**What you need to do:**
Starting at the line below holding "4-in-1 Kids' Pop-Up" and stopping at the line holding "Everything is Temporary", print every line exactly, both ends included, and leave the rest out.

Scraped caption text data:
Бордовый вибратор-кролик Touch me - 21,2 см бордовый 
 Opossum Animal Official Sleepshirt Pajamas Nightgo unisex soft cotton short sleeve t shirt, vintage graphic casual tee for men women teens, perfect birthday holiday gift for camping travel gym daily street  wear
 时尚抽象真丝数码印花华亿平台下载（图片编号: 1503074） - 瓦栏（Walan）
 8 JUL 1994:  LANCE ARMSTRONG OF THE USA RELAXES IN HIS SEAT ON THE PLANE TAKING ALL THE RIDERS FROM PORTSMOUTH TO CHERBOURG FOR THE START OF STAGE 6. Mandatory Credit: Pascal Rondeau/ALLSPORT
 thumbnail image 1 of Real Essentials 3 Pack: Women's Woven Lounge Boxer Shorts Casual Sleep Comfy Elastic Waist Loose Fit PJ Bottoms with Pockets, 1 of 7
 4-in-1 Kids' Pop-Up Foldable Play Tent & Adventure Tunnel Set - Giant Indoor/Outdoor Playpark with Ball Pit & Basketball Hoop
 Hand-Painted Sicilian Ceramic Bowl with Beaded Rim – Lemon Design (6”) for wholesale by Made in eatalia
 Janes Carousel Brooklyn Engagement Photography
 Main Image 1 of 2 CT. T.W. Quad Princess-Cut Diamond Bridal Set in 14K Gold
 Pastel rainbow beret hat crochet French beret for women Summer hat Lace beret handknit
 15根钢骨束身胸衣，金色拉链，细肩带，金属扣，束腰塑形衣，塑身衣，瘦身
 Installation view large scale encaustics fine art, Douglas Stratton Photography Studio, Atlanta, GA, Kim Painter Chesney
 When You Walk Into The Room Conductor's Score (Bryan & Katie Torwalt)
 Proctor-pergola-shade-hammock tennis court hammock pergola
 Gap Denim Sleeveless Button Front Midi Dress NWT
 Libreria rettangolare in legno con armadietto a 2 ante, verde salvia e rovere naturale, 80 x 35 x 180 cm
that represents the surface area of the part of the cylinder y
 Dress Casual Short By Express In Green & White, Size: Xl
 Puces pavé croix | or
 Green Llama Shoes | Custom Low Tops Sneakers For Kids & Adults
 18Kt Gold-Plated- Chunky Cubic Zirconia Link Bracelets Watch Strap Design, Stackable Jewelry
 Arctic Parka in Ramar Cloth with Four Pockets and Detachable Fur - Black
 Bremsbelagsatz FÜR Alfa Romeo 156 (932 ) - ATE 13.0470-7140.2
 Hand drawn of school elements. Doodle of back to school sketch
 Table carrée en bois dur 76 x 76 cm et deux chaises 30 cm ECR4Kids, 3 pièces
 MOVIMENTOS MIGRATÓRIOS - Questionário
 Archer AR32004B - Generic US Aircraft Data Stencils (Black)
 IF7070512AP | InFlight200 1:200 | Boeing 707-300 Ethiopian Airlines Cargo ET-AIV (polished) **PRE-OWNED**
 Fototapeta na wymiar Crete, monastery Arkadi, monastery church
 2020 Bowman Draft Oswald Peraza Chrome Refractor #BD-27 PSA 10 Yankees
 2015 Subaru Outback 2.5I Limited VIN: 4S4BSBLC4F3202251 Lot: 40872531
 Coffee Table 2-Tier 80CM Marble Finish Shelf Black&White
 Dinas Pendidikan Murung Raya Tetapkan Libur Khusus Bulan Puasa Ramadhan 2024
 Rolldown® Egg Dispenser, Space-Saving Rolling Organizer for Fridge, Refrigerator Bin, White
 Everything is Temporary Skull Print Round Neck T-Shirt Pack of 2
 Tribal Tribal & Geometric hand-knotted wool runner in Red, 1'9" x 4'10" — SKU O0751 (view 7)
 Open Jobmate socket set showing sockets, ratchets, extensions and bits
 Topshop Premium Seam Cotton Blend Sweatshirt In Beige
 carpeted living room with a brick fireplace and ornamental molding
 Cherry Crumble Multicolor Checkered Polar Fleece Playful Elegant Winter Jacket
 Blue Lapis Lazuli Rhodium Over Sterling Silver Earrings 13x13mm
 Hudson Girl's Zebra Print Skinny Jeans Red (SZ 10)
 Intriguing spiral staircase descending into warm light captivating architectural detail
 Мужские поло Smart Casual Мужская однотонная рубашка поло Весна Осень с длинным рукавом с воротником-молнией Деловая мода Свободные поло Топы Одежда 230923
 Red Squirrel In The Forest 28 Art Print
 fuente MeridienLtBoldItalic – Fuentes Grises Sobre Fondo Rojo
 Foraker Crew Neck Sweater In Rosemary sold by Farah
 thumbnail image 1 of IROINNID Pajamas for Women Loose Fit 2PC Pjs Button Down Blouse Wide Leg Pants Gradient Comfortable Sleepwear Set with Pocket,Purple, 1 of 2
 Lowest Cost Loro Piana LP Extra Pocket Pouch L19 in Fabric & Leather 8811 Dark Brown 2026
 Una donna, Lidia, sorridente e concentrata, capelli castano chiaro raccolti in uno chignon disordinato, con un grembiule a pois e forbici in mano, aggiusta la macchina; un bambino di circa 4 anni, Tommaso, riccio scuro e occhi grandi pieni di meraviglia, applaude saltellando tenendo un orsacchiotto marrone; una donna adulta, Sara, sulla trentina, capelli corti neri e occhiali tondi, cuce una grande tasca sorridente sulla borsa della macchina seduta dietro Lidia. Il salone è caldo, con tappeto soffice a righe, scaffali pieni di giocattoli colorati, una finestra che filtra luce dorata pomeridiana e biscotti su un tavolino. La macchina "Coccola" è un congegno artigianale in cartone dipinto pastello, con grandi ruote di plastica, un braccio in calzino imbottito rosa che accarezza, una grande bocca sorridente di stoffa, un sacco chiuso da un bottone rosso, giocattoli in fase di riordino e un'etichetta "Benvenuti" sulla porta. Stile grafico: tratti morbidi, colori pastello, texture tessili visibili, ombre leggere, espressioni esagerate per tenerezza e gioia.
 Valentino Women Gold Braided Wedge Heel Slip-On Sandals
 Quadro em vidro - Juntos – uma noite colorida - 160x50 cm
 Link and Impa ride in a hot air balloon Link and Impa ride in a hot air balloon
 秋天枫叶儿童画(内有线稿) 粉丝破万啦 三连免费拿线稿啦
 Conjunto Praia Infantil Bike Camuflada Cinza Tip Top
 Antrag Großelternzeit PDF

**Your response:**
 4-in-1 Kids' Pop-Up Foldable Play Tent & Adventure Tunnel Set - Giant Indoor/Outdoor Playpark with Ball Pit & Basketball Hoop
 Hand-Painted Sicilian Ceramic Bowl with Beaded Rim – Lemon Design (6”) for wholesale by Made in eatalia
 Janes Carousel Brooklyn Engagement Photography
 Main Image 1 of 2 CT. T.W. Quad Princess-Cut Diamond Bridal Set in 14K Gold
 Pastel rainbow beret hat crochet French beret for women Summer hat Lace beret handknit
 15根钢骨束身胸衣，金色拉链，细肩带，金属扣，束腰塑形衣，塑身衣，瘦身
 Installation view large scale encaustics fine art, Douglas Stratton Photography Studio, Atlanta, GA, Kim Painter Chesney
 When You Walk Into The Room Conductor's Score (Bryan & Katie Torwalt)
 Proctor-pergola-shade-hammock tennis court hammock pergola
 Gap Denim Sleeveless Button Front Midi Dress NWT
 Libreria rettangolare in legno con armadietto a 2 ante, verde salvia e rovere naturale, 80 x 35 x 180 cm
that represents the surface area of the part of the cylinder y
 Dress Casual Short By Express In Green & White, Size: Xl
 Puces pavé croix | or
 Green Llama Shoes | Custom Low Tops Sneakers For Kids & Adults
 18Kt Gold-Plated- Chunky Cubic Zirconia Link Bracelets Watch Strap Design, Stackable Jewelry
 Arctic Parka in Ramar Cloth with Four Pockets and Detachable Fur - Black
 Bremsbelagsatz FÜR Alfa Romeo 156 (932 ) - ATE 13.0470-7140.2
 Hand drawn of school elements. Doodle of back to school sketch
 Table carrée en bois dur 76 x 76 cm et deux chaises 30 cm ECR4Kids, 3 pièces
 MOVIMENTOS MIGRATÓRIOS - Questionário
 Archer AR32004B - Generic US Aircraft Data Stencils (Black)
 IF7070512AP | InFlight200 1:200 | Boeing 707-300 Ethiopian Airlines Cargo ET-AIV (polished) **PRE-OWNED**
 Fototapeta na wymiar Crete, monastery Arkadi, monastery church
 2020 Bowman Draft Oswald Peraza Chrome Refractor #BD-27 PSA 10 Yankees
 2015 Subaru Outback 2.5I Limited VIN: 4S4BSBLC4F3202251 Lot: 40872531
 Coffee Table 2-Tier 80CM Marble Finish Shelf Black&White
 Dinas Pendidikan Murung Raya Tetapkan Libur Khusus Bulan Puasa Ramadhan 2024
 Rolldown® Egg Dispenser, Space-Saving Rolling Organizer for Fridge, Refrigerator Bin, White
 Everything is Temporary Skull Print Round Neck T-Shirt Pack of 2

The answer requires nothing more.